Leaving out the images, transcribe every record below exactly.

> [LISTED ENTRIES]:
────────────────────────────────────────
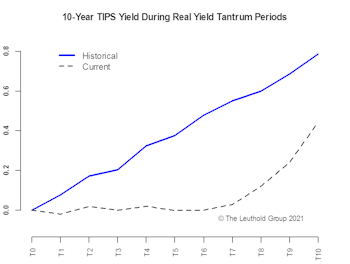 Reflation Trade Or Real-Yield Tantrum?
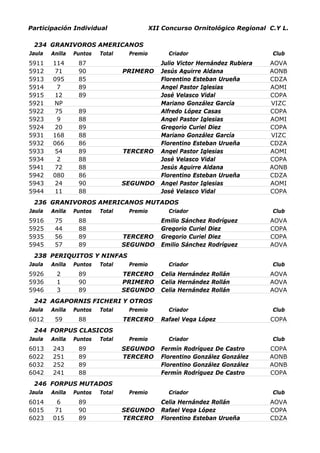 Participación Individual                    XII Concurso Ornitológico Regional C.Y L.

 234 GRANIVOROS AMERICANOS
Jaula   Anilla   Puntos   Total    Premio         Criador                       Club
5911    114       87                           Julio Victor Hernández Rubiera   AOVA
5912    71        90              PRIMERO      Jesús Aguirre Aldana             AONB
5913    095       85                           Florentino Esteban Urueña        CDZA
5914     7        89                           Angel Pastor Iglesias            AOMI
5915    12        89                           José Velasco Vidal               COPA
5921    NP                                     Mariano González García          VIZC
5922    75        89                           Alfredo López Casas              COPA
5923     9        88                           Angel Pastor Iglesias            AOMI
5924    20        89                           Gregorio Curiel Diez             COPA
5931    168       88                           Mariano González García          VIZC
5932    066       86                           Florentino Esteban Urueña        CDZA
5933    54        89              TERCERO      Angel Pastor Iglesias            AOMI
5934     2        88                           José Velasco Vidal               COPA
5941    72        88                           Jesús Aguirre Aldana             AONB
5942    080       86                           Florentino Esteban Urueña        CDZA
5943    24        90              SEGUNDO      Angel Pastor Iglesias            AOMI
5944    11        88                           José Velasco Vidal               COPA
 236 GRANIVOROS AMERICANOS MUTADOS
Jaula   Anilla   Puntos   Total    Premio         Criador                       Club
5916     75       88                           Emilio Sánchez    Rodríguez      AOVA
5925     44       88                           Gregorio Curiel   Diez           COPA
5935     56       89              TERCERO      Gregorio Curiel   Diez           COPA
5945     57       89              SEGUNDO      Emilio Sánchez    Rodríguez      AOVA
 238 PERIQUITOS Y NINFAS
Jaula   Anilla   Puntos   Total    Premio         Criador                       Club
5926      2       89              TERCERO      Celia Hernández Rollán           AOVA
5936      1       90              PRIMERO      Celia Hernández Rollán           AOVA
5946      3       89              SEGUNDO      Celia Hernández Rollán           AOVA
 242 AGAPORNIS FICHERI Y OTROS
Jaula   Anilla   Puntos   Total    Premio         Criador                       Club
6012     59       88              TERCERO      Rafael Vega López                COPA
 244 FORPUS CLASICOS
Jaula   Anilla   Puntos   Total    Premio         Criador                       Club
6013    243       89              SEGUNDO      Fermín Rodríguez De Castro       COPA
6022    251       89              TERCERO      Florentino González González     AONB
6032    252       89                           Florentino González González     AONB
6042    241       88                           Fermín Rodríguez De Castro       COPA
 246 FORPUS MUTADOS
Jaula   Anilla   Puntos   Total    Premio         Criador                       Club
6014     6        89                           Celia Hernández Rollán           AOVA
6015    71        90              SEGUNDO      Rafael Vega López                COPA
6023    015       89              TERCERO      Florentino Esteban Urueña        CDZA
 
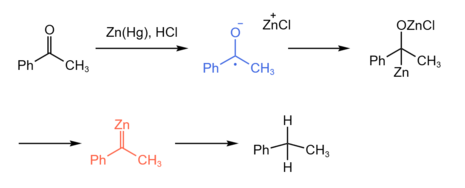 Scheme 2: A mechanism of Clemmensen reduction was proposed in 1975. The carbonyl is first converted to radical anion (shown as blue), then to zinc carbenoid (shown as red), and then reduced to alkane. Clemmensen Reduction.png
────────────────────────────────────────
> [ANSWER BOX]:
 Reflation Trade Or Real-Yield Tantrum?
 Participación Individual                    XII Concurso Ornitológico Regional C.Y L.

 234 GRANIVOROS AMERICANOS
Jaula   Anilla   Puntos   Total    Premio         Criador                       Club
5911    114       87                           Julio Victor Hernández Rubiera   AOVA
5912    71        90              PRIMERO      Jesús Aguirre Aldana             AONB
5913    095       85                           Florentino Esteban Urueña        CDZA
5914     7        89                           Angel Pastor Iglesias            AOMI
5915    12        89                           José Velasco Vidal               COPA
5921    NP                                     Mariano González García          VIZC
5922    75        89                           Alfredo López Casas              COPA
5923     9        88                           Angel Pastor Iglesias            AOMI
5924    20        89                           Gregorio Curiel Diez             COPA
5931    168       88                           Mariano González García          VIZC
5932    066       86                           Florentino Esteban Urueña        CDZA
5933    54        89              TERCERO      Angel Pastor Iglesias            AOMI
5934     2        88                           José Velasco Vidal               COPA
5941    72        88                           Jesús Aguirre Aldana             AONB
5942    080       86                           Florentino Esteban Urueña        CDZA
5943    24        90              SEGUNDO      Angel Pastor Iglesias            AOMI
5944    11        88                           José Velasco Vidal               COPA
 236 GRANIVOROS AMERICANOS MUTADOS
Jaula   Anilla   Puntos   Total    Premio         Criador                       Club
5916     75       88                           Emilio Sánchez    Rodríguez      AOVA
5925     44       88                           Gregorio Curiel   Diez           COPA
5935     56       89              TERCERO      Gregorio Curiel   Diez           COPA
5945     57       89              SEGUNDO      Emilio Sánchez    Rodríguez      AOVA
 238 PERIQUITOS Y NINFAS
Jaula   Anilla   Puntos   Total    Premio         Criador                       Club
5926      2       89              TERCERO      Celia Hernández Rollán           AOVA
5936      1       90              PRIMERO      Celia Hernández Rollán           AOVA
5946      3       89              SEGUNDO      Celia Hernández Rollán           AOVA
 242 AGAPORNIS FICHERI Y OTROS
Jaula   Anilla   Puntos   Total    Premio         Criador                       Club
6012     59       88              TERCERO      Rafael Vega López                COPA
 244 FORPUS CLASICOS
Jaula   Anilla   Puntos   Total    Premio         Criador                       Club
6013    243       89              SEGUNDO      Fermín Rodríguez De Castro       COPA
6022    251       89              TERCERO      Florentino González González     AONB
6032    252       89                           Florentino González González     AONB
6042    241       88                           Fermín Rodríguez De Castro       COPA
 246 FORPUS MUTADOS
Jaula   Anilla   Puntos   Total    Premio         Criador                       Club
6014     6        89                           Celia Hernández Rollán           AOVA
6015    71        90              SEGUNDO      Rafael Vega López                COPA
6023    015       89              TERCERO      Florentino Esteban Urueña        CDZA
 
 Scheme 2: A mechanism of Clemmensen reduction was proposed in 1975. The carbonyl is first converted to radical anion (shown as blue), then to zinc carbenoid (shown as red), and then reduced to alkane. Clemmensen Reduction.png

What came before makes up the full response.